YOUR INSTRUCTIONS —
Please set down each entry exactly, omitting any picture it holds.

GIVEN RECORDS —

○ ○ ○ ○ ○

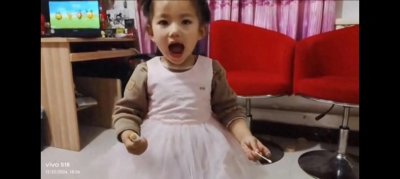 ​阿霞瘦了，内心也煎熬。昨晚直播间，二狗要孩子，不是那么容易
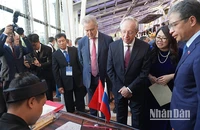 Đại sứ Đặng Minh Khôi cùng Thứ trưởng Ngoại giao Nga Mikhail Galuzin, Chủ nhiệm Ủy ban Đối ngoại thành phố Saint Petersburg Evgeny Grigoriev xem viết thư pháp tại Lễ kỷ niệm 78 năm Quốc khánh Việt Nam tại Liên bang Nga. (Ảnh: XUÂN HƯNG)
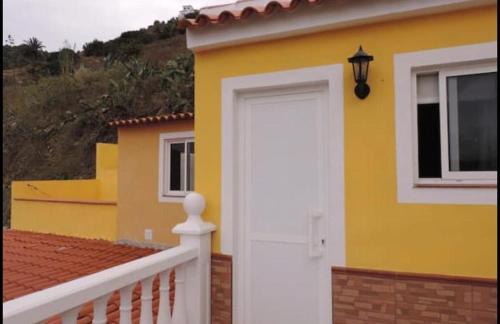 Vallehermoso House | Casa Roja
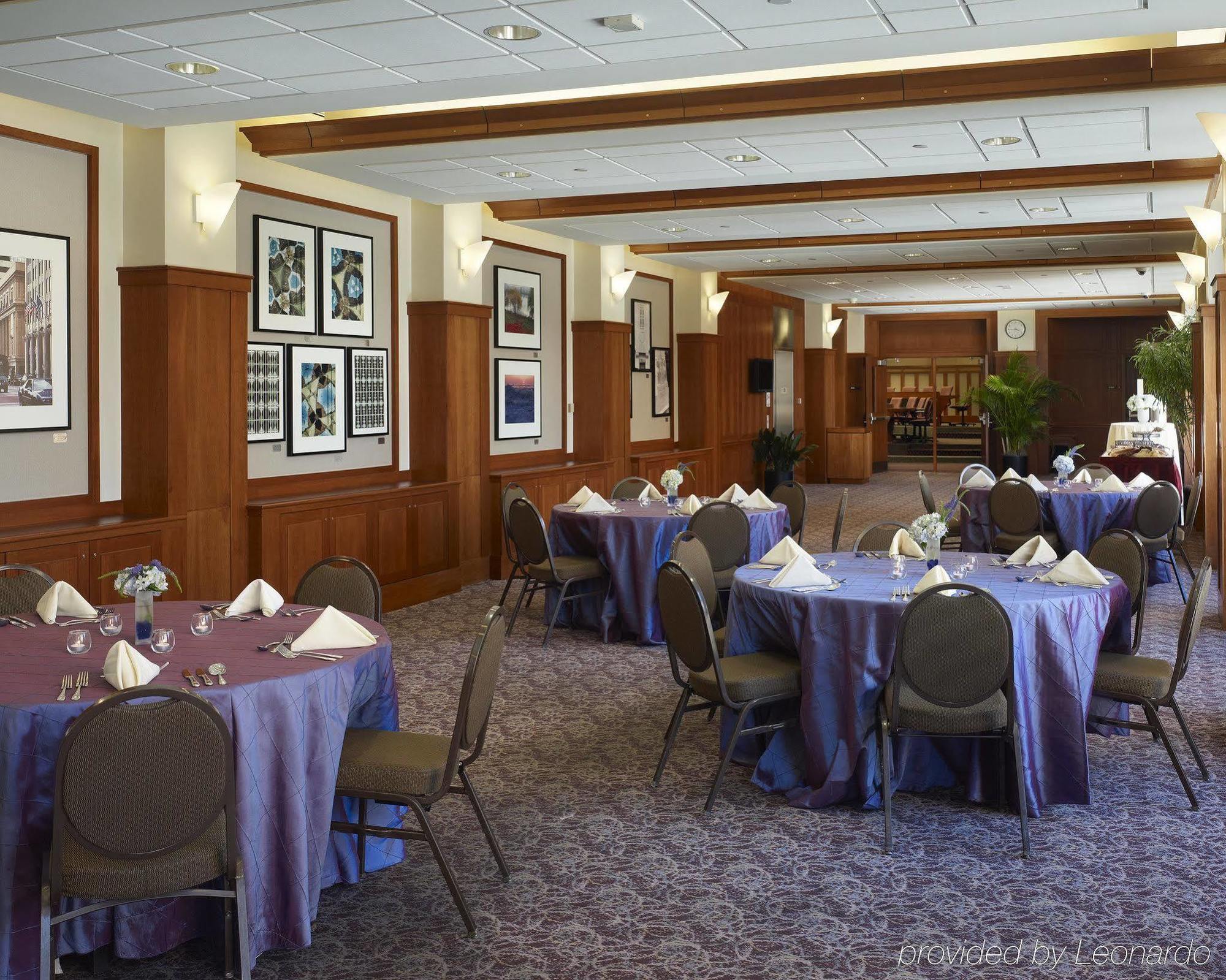 The Blackwell Columbus Restaurante foto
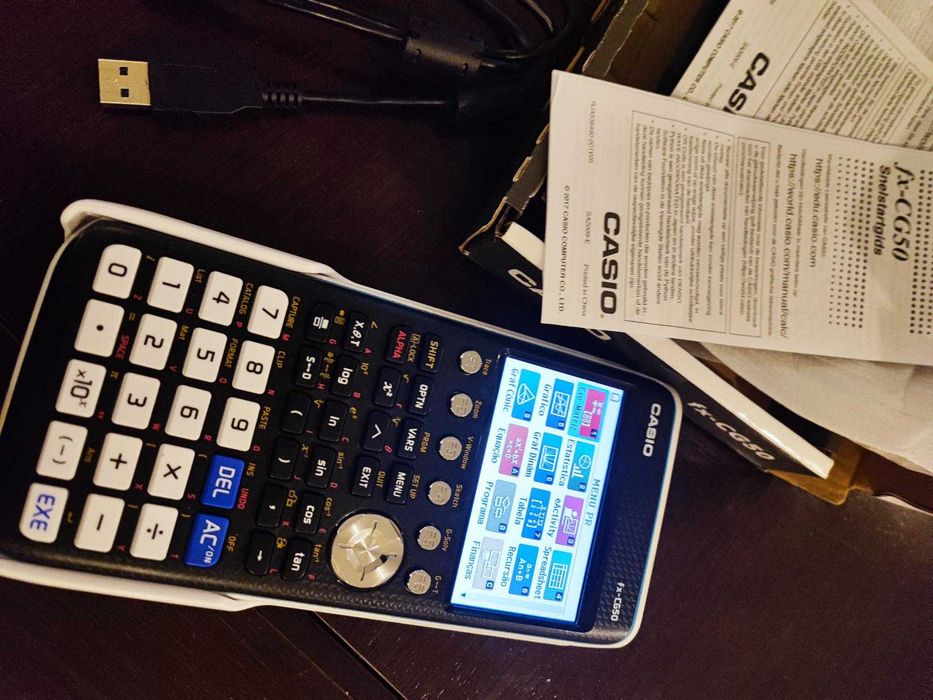 Calculadora Gráfica Casio FX-CG50 em ótimo estado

○ ○ ○ ○ ○

EXPECTED ANSWER —
 ​阿霞瘦了，内心也煎熬。昨晚直播间，二狗要孩子，不是那么容易
 Đại sứ Đặng Minh Khôi cùng Thứ trưởng Ngoại giao Nga Mikhail Galuzin, Chủ nhiệm Ủy ban Đối ngoại thành phố Saint Petersburg Evgeny Grigoriev xem viết thư pháp tại Lễ kỷ niệm 78 năm Quốc khánh Việt Nam tại Liên bang Nga. (Ảnh: XUÂN HƯNG)
 Vallehermoso House | Casa Roja
 The Blackwell Columbus Restaurante foto
 Calculadora Gráfica Casio FX-CG50 em ótimo estado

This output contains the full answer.